A monument for the centre of Eldon Square had been proposed at the same time the square was planned. A statue of Lord Eldon was considered but nothing was ever erected. Photographs of the square at the turn of the century show a central stone pedestal topped with an ornate lamp. At the end of the First World War, a number of ideas for a war memorial were considered before Councillor Sir Arthur Sutherland started the ‘Shilling Fund’ with a donation of 20,000 shillings (£15,000) and funded the erection of the War and Peace Memorial that now proudly stands in the centre of the square. Designed by Charles Hartwell the memorial, which unveiled by Field Marshall Earl Haig on 26th September 1923 in front of over one thousand people who had taken part in the official ‘pilgrimage of homage’.

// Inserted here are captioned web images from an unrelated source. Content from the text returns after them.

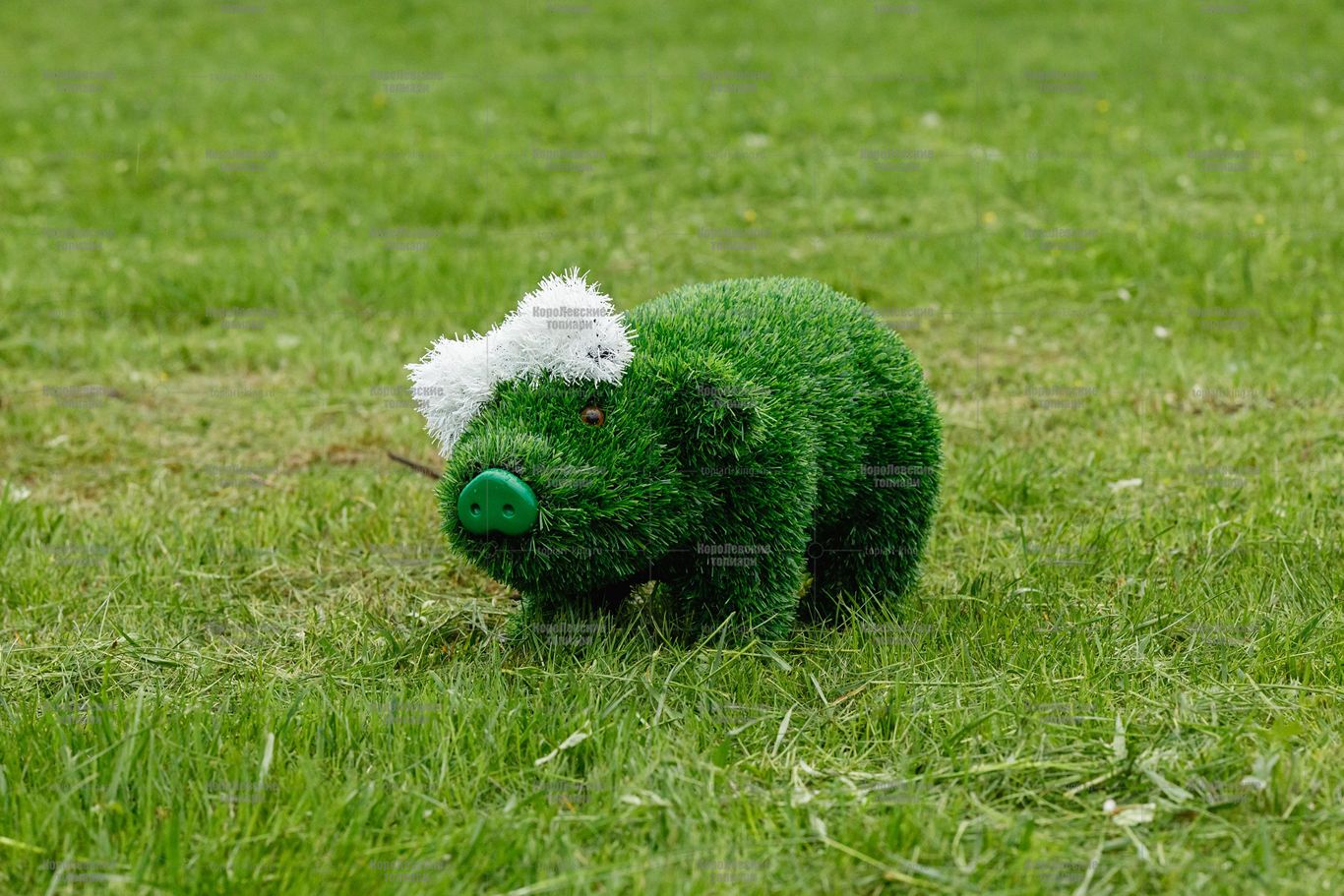 Топиари поросенок с бантиком - газон Eco Топиари поросенок с бантиком - газон Eco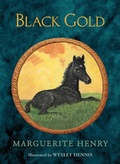 Cover: Black Gold - Aladdin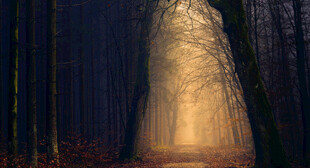 林间神秘光影通道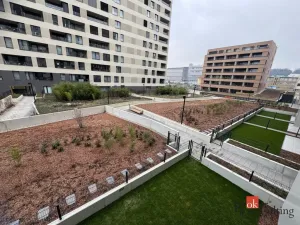 Pronájem bytu 2+kk, Praha - Vysočany, Fafkových, 50 m2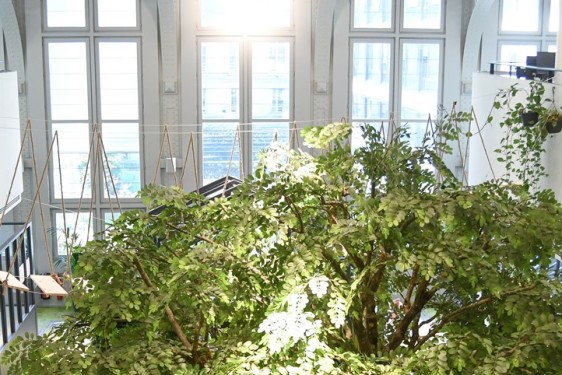 paysage d'intérieur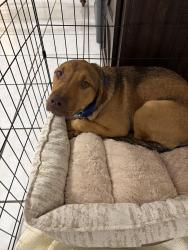 Reunited Male Dog last seen The Seven Boca, Boca Raton, FL 33428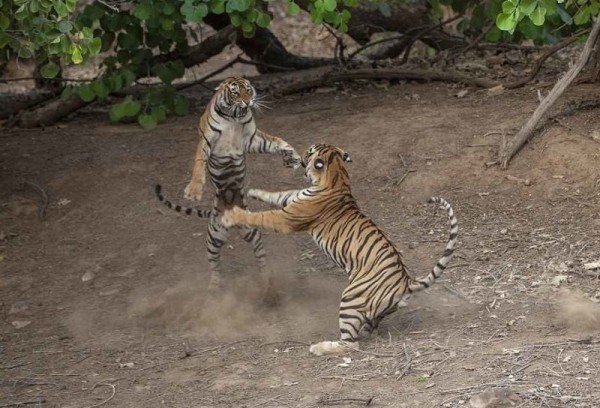 Fights of Indian tigers. - Tiger, The fight, Skirmish, The photo, Nature, Big cats, Longpost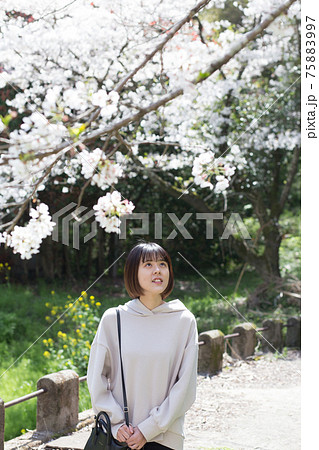 花見をする女性のポートレート 花見をする女性のポートレート 75883997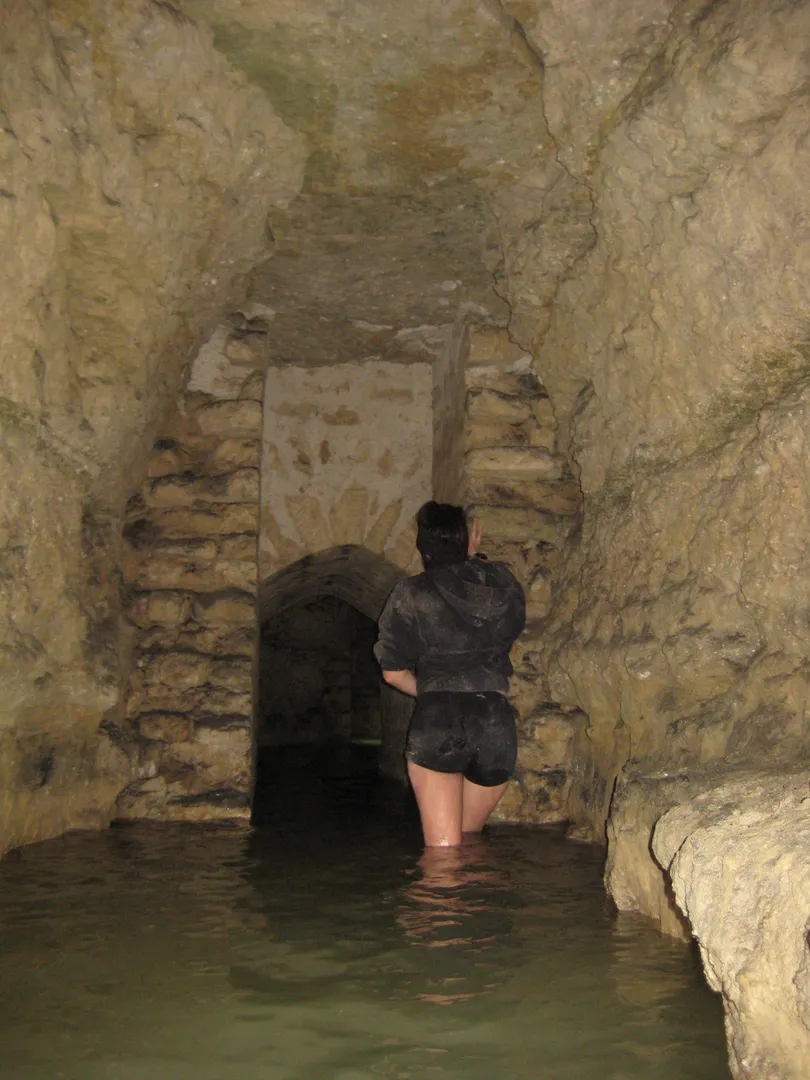 Photo de Araneae - MYM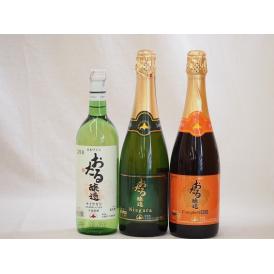 北海道おたるスペシャルワイン3本セット(やや甘口)720ml×3本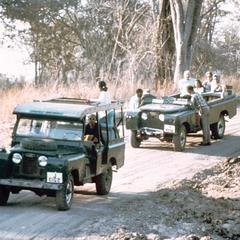 In Jeeps on Safari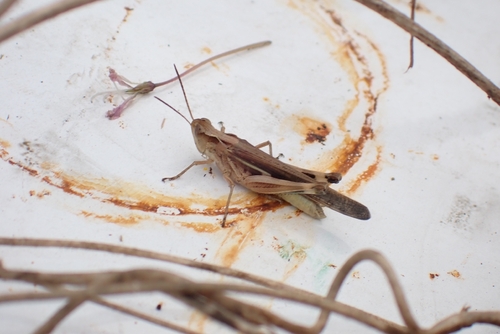 Slender Green-winged Grasshopper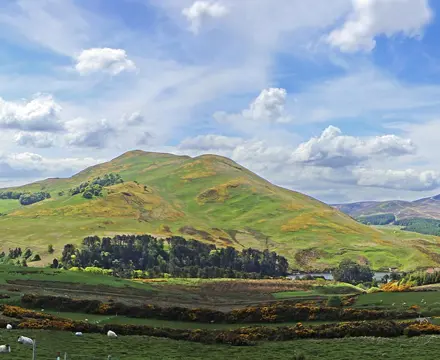 Cultivating Connections: From Young Farmers to Rural Surveying with Galbraith.: Cultivating Connections From Young Farmers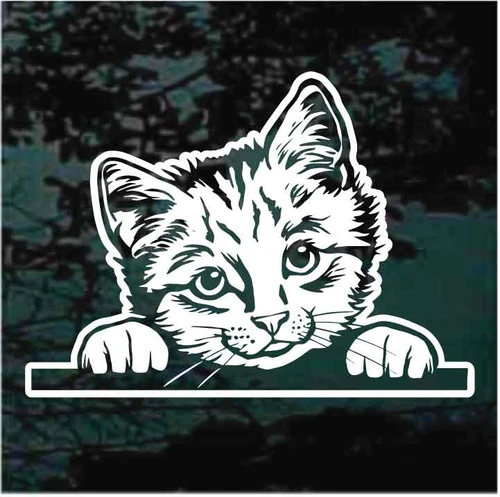 Kitten Looking Out The Window car decals stickers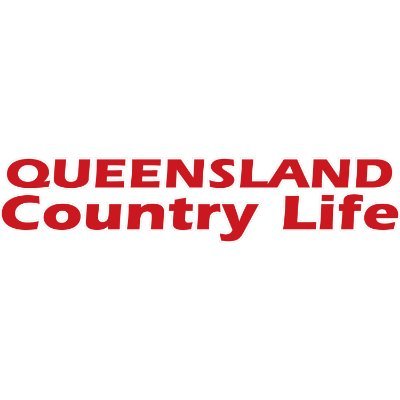 qclnews Profile Picture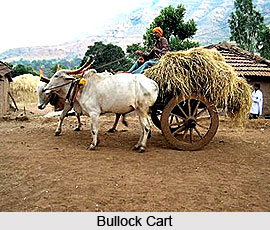 History of Indian Villages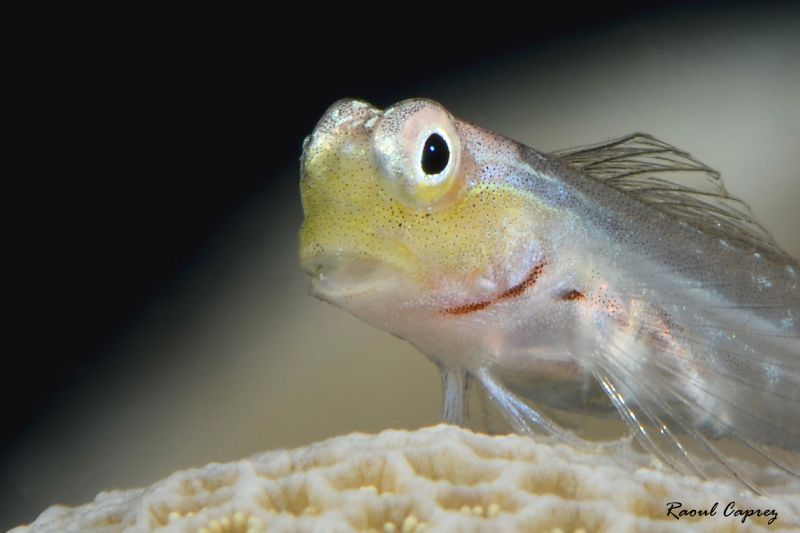 Blennie having a rest on a hard coral at Jocker's reef (S... by Raoul Caprez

Between the First and Second World Wars Eldon Square became known as ‘the place to meet’ in Newcastle and provided a welcome area of public space in the city centre. Close by, the city centre was expanding with large stores such as Bainbridge and Fenwick. Bainbridge was the country’s first department store, and Thomas Bainbridge, the son of its founder, was a great benefactor of the ‘Poor Childrens Holiday Association’ who had their headquarters in nearby Percy Street. During the Second World War large water tanks were placed in the square as part of the air raid precautions. These water tanks ensured that water supplies to the Fire Brigade always available. In the recent years that followed the memorial and surrounding Eldon Square again became a well-respected meeting place, a place of relaxation as well as a place of remembrance.
From the early part of the 20th century (1920 - present) Eldon Square and Blackett Street formed part of the main shopping area, Blackett Street being one of the main thoroughfares across the city and a major bus and tram route. By the 1960s many of the fine Grainger and Oliver buildings had fallen into disrepair. Concurrently, in 1973, the northern and western facades of Eldon Square were demolished. The demolished buildings made way for Eldon Square Shopping Centre which, when it opened, was the largest development of its kind in Europe. Many of the mall names reflect the history of the area such as Eldon Way, Whitecross Way, Chevy Chase and High Friars. In 2008 the square was refurbished by Newcastle City Council and Capital Shopping Centres, recreating the original setting for the war memorial whilst maintaining a safe and welcoming green haven for all the people of Newcastle.